→ MATERIALS PROVIDED

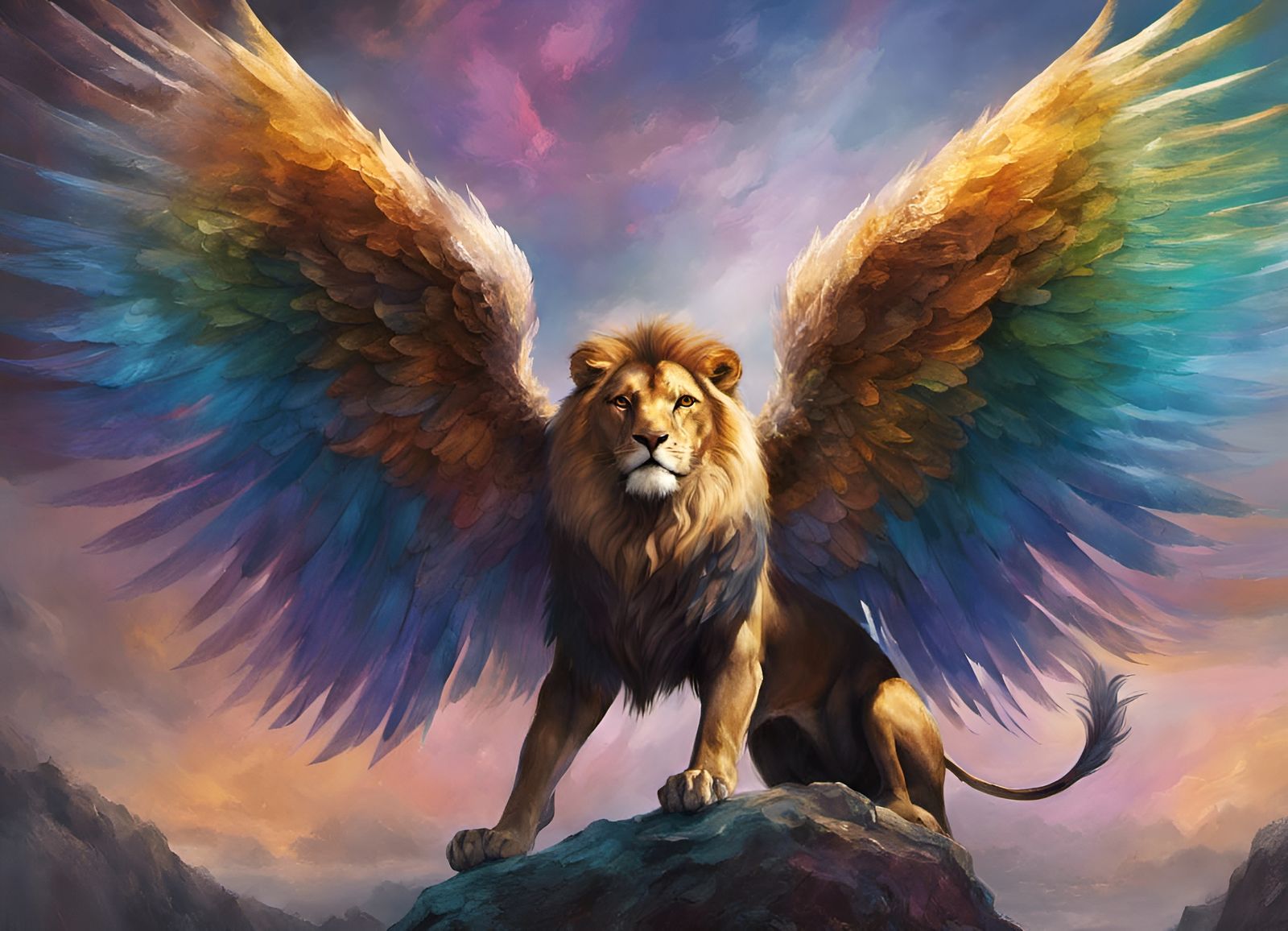 Winged Lion with Angel Wings in Ethereal Style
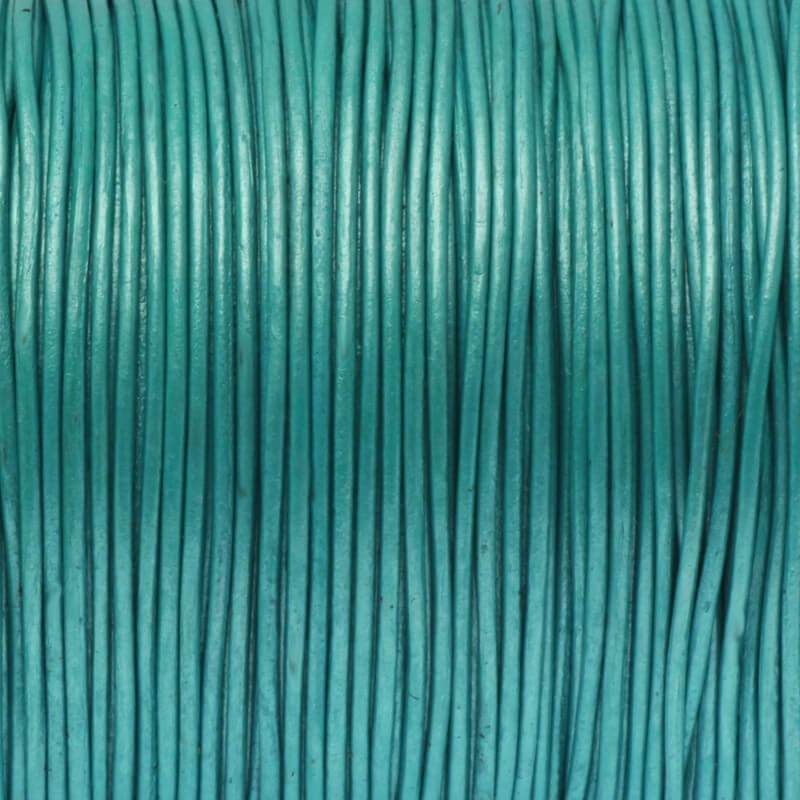 1mm turquoise metallic leather strap with 1m spool RZ10Z12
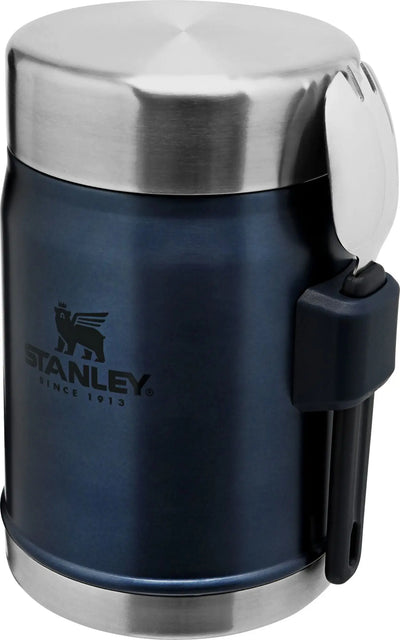Stanley Classic Legendary Food Jar with Spork, 0.4L, insulated stainless steel for hot or cold meals, features pressure-release lid.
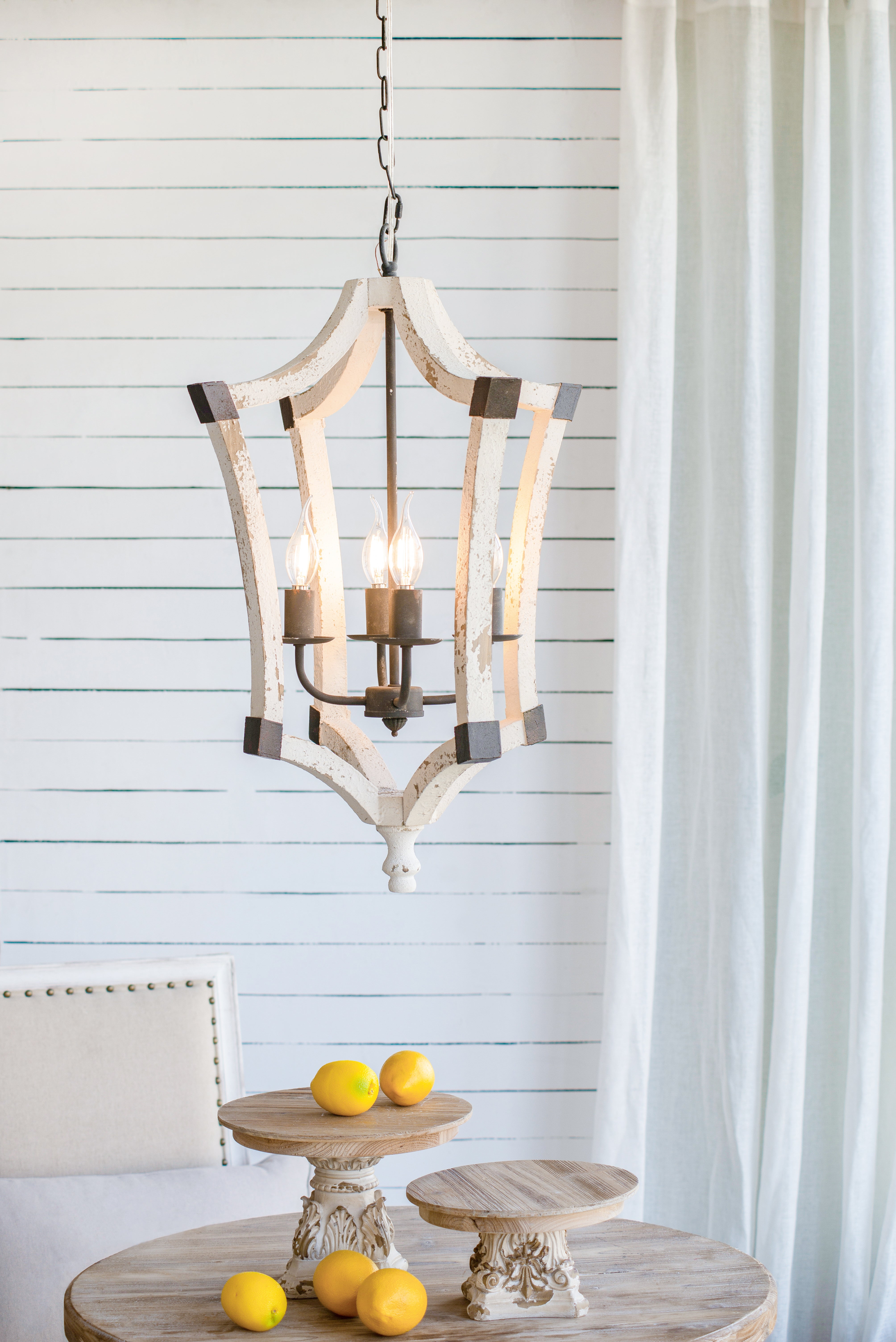4 - Light Wood Chandelier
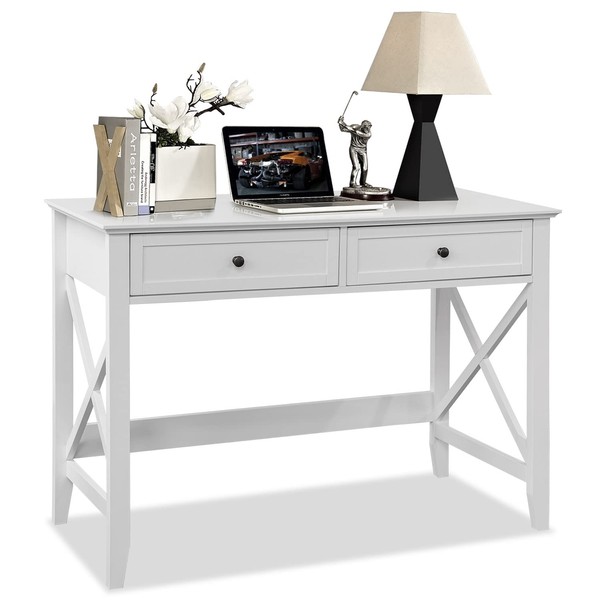 White Computer Desk with 2 Drawers, Modern Makeup Vanity Desk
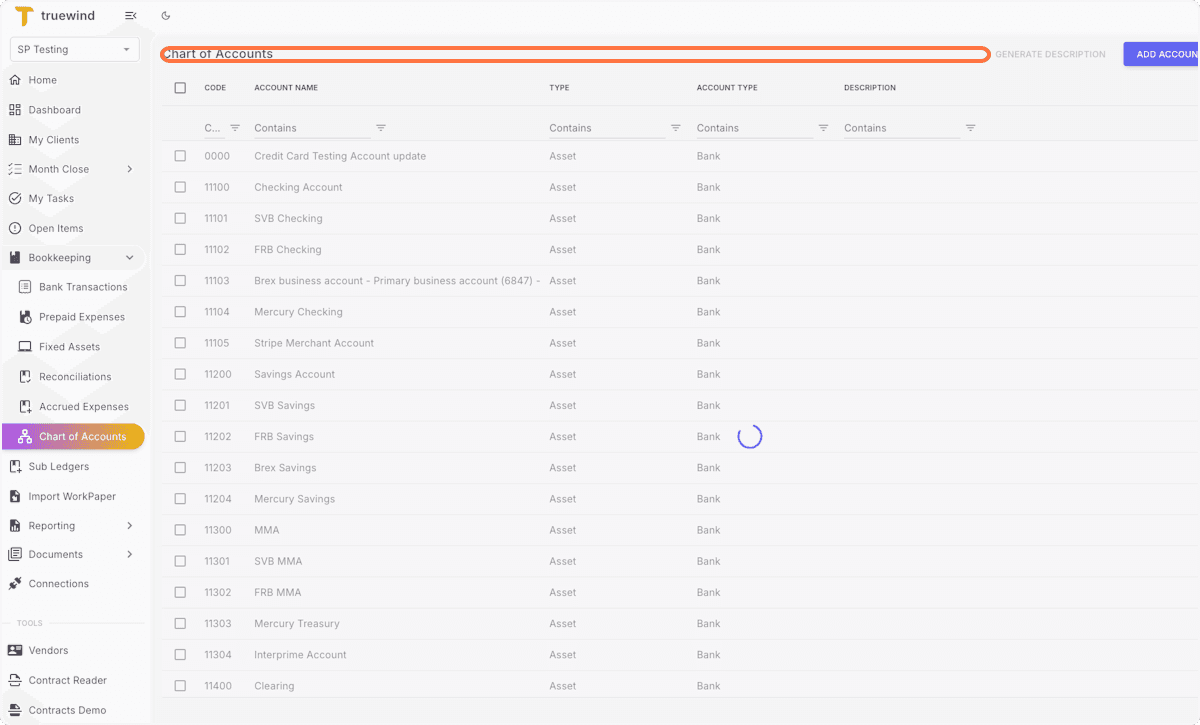 Screenshot showing Click Chart of Accounts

→ WHAT YOU WILL DO
Please set down the lines above word for word and leave out the pictures.

→ SOLVED EXERCISE
 Winged Lion with Angel Wings in Ethereal Style
 1mm turquoise metallic leather strap with 1m spool RZ10Z12
Stanley Classic Legendary Food Jar with Spork, 0.4L, insulated stainless steel for hot or cold meals, features pressure-release lid.
4 - Light Wood Chandelier
 White Computer Desk with 2 Drawers, Modern Makeup Vanity Desk
 Screenshot showing Click Chart of Accounts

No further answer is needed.